Water is a fluid of which viscosity can be ignored (μ~1 mPa s), so it has been widely used in the field of drop impact and wetting. However, effects of viscosity can become visible and significantly change the residence time at low temperatures because the viscosity of water drop increases. Unfortunately, not much attention has been paid to viscous impacts, and most of the studies have been devoted to inviscid impacts, except for the following. Mao et al. [14] studied viscous liquid drop (μ~1–100 mPa s) impact on surfaces with various wettabilities. They predicted the maximum spreading diameter and tendency of drop rebounding as a function of viscosity and static contact angle. Bartolo et al. [15] investigated the retraction behavior of viscous liquid drop (μ~1–205 mPa s) and presented inertial-capillary and viscous-capillary regimes based on Ohnesorge number. Lin et al. [16] conducted the systematical investigation on viscous liquid drop (μ~1–398 mPa s) impact on solid surfaces with various wettabilities, from hydrophilic to SHSs. They focused on studying maximum spreading diameter and spreading time by introducing a modified inertial-capillary time scale and Weber number. Yeong et al. [17] demonstrated viscous liquid drop (μ~1–8 mPa s) impact on inclined SHSs and found that, as the viscosity of the fluid increased, the receding angle of the surfaces reduced significantly, thereby altering a drop’s rebound characteristics. Abolghasemibizaki et al. [18] investigated liquid drops with various viscosities (μ~8–100 mPa s) and impact velocities. They reported that the drop dynamics was related to residence time on non-wettable flat and textured surfaces, and the retraction velocity could be scaled as both inertial-capillary velocity (~(σ/ρD)^1/2) and viscous-capillary velocity (~σ/μ). Raiyan et al. [19] studied the effect of viscosity (μ~1–23 mPa s) on bouncing dynamics with and without a macro-ridge by investigating the conditions for observing drop splitting with various viscosities.

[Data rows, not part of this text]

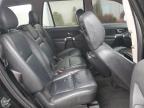 2007 Volvo Xc90 3.2 продається в Louisville, KY - Front End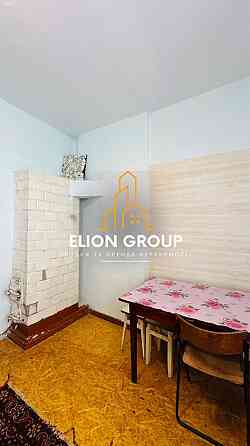 Продам 2 к. кв. біля будинку культури Кам`янець-Подільський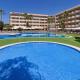 H10 Cambrils Playa, Cambrils - Foto 1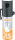 Perfecta Stop Attack Pfeffer-Spray 15 ml, 10 % OC, konisch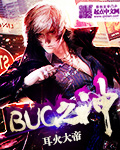 bug֮��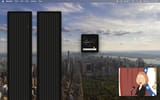 Screenshot_2024-09-11_at_9
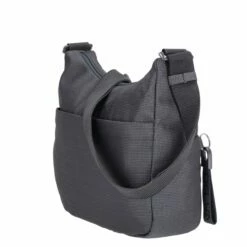 Mandarina Duck Beuteltasche MD20 Hobo Steel 26 Mandarina Duck Beuteltasche MD20 Hobo Steel -Aufbewahrungstasche Geschäft 0 11658221dbc02b4 1280x1280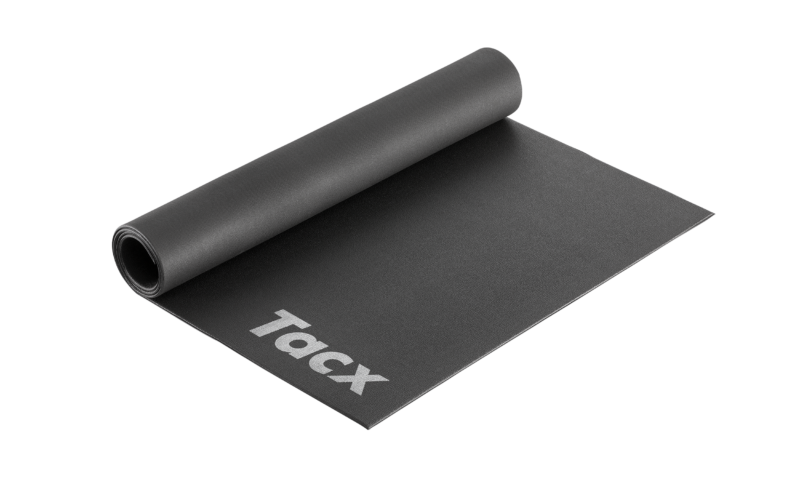 ALFOMBRILLA RODILLO TACX T2915
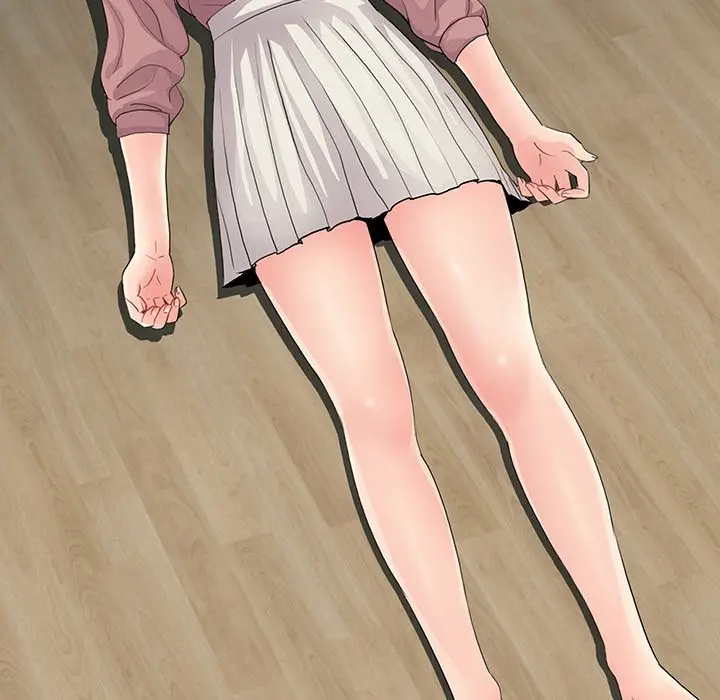 image-komik-komk-his-return-chapter-20-92/110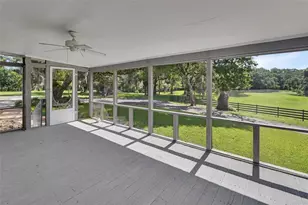 900 E Kicklighter (5 +- Acres) Rd, Lake Helen, FL 32744 - Photo 26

Recent studies reported that the residence time can be altered below the inertial-capillary time scale (τ₀ = (ρD³/8σ)^1/2) by macroscopic surface structures [20,21,22] and modifying the initial drop shapes [23,24,25] to challenge the limit of the time scale in symmetric bouncing. Bird et al. [20] demonstrated the residence time reduction by using a single macroscopic ridge, which induced a higher retraction velocity on the ridge and the subsequent redistribution of the drop into butterfly shapes. Afterward, Gauthier et al. [21] introduced repellent wires to SHSs to investigate the drop dynamics for several drop diameters, wire sizes, and impact velocities. They found a steplike decrease in residence time at intermediate- and high-impact velocities, suggesting the residence time relation, t₀/n^1/2, where t₀ is the residence time of the drop on a surface without the macro-texture, and n is the number of lobes of drops. Patterson et al.’s [22] experimental results showed that the number of intersecting spokes had an effect on Leidenfrost drops’ residence time, and the previous relation of t₀/n^1/2 did not follow the experimental results when the drop was split to n > 2.

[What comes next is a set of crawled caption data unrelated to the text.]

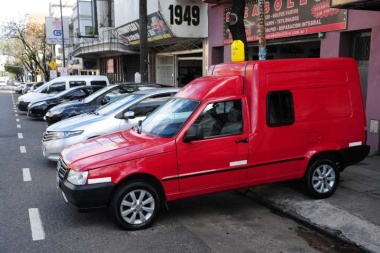 Diario Full te la cantó: transferir un auto de $300 mil costará $1500 más por un nuevo impuesto municipal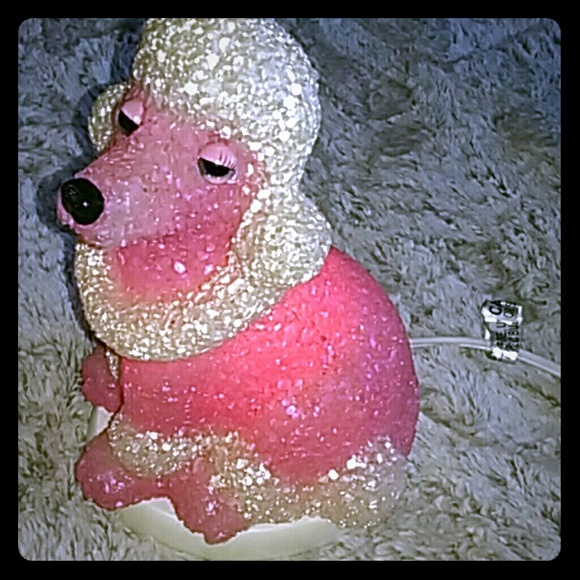 Night Light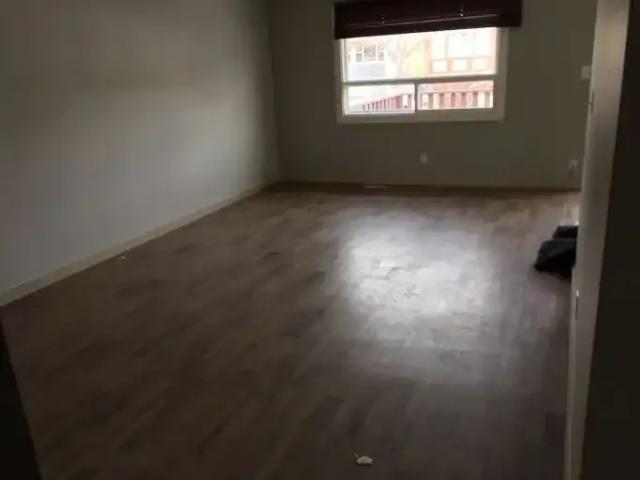 Apartment 3 Bedroom For Rent Calgary AB 1950 ES103574546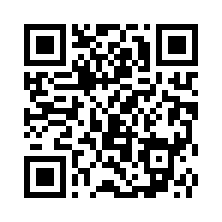 QR Code for 17tETEdB7b2U7ocY6zdUk9KB12j9ZYWixG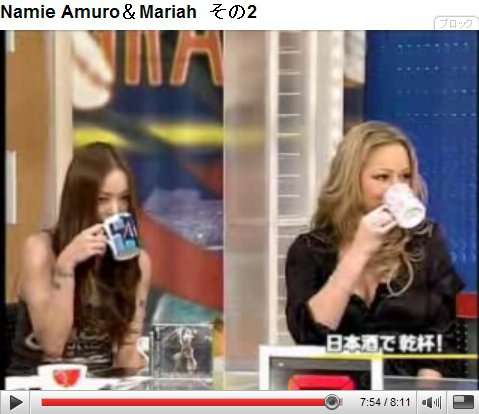 【画像】有名人のツーショット写真を貼るトピ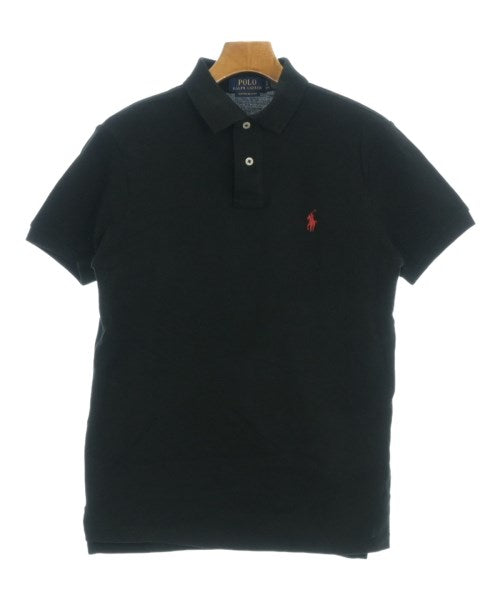 Polo Ralph Lauren เสื้อโปโล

The control of drop mobility might be effective in the situation where the target solid must be adjustable in such aforementioned studies. However, if the target solid is uncontrollable, the target liquid or initial shape of the drop might be one of the candidates to modify the impact dynamics. The author’s previous study confirmed that the initial drop shape can alter the bouncing behavior and significantly decrease the residence time if ellipsoidal drops collided on flat surfaces [23]. Recently, the author’s previous studies proposed the asymmetry of bouncing behavior of spheroidal and ellipsoidal water drops on SHSs to demonstrate a collaboration between the initial drop shapes and ridged surfaces [24,25]. The studies reported the feasibility of shortening the residence time by ~50% using a volume-of-fluid (VOF) method, compared with symmetric bouncing of spherical drops on flat surfaces. For different geometric relationships between the drops and ridge, the non-spherical shapes induced different dynamics in the directions parallel and perpendicular to the macro-texture during the whole of the impact. However, previous explanations for residence time reduction are valid only for water drops and do not hold for viscous liquids. Furthermore, it is necessary to understand how shape distortions of viscous liquid drops affect the liquid repellency from surfaces using macro-texture in practical terms.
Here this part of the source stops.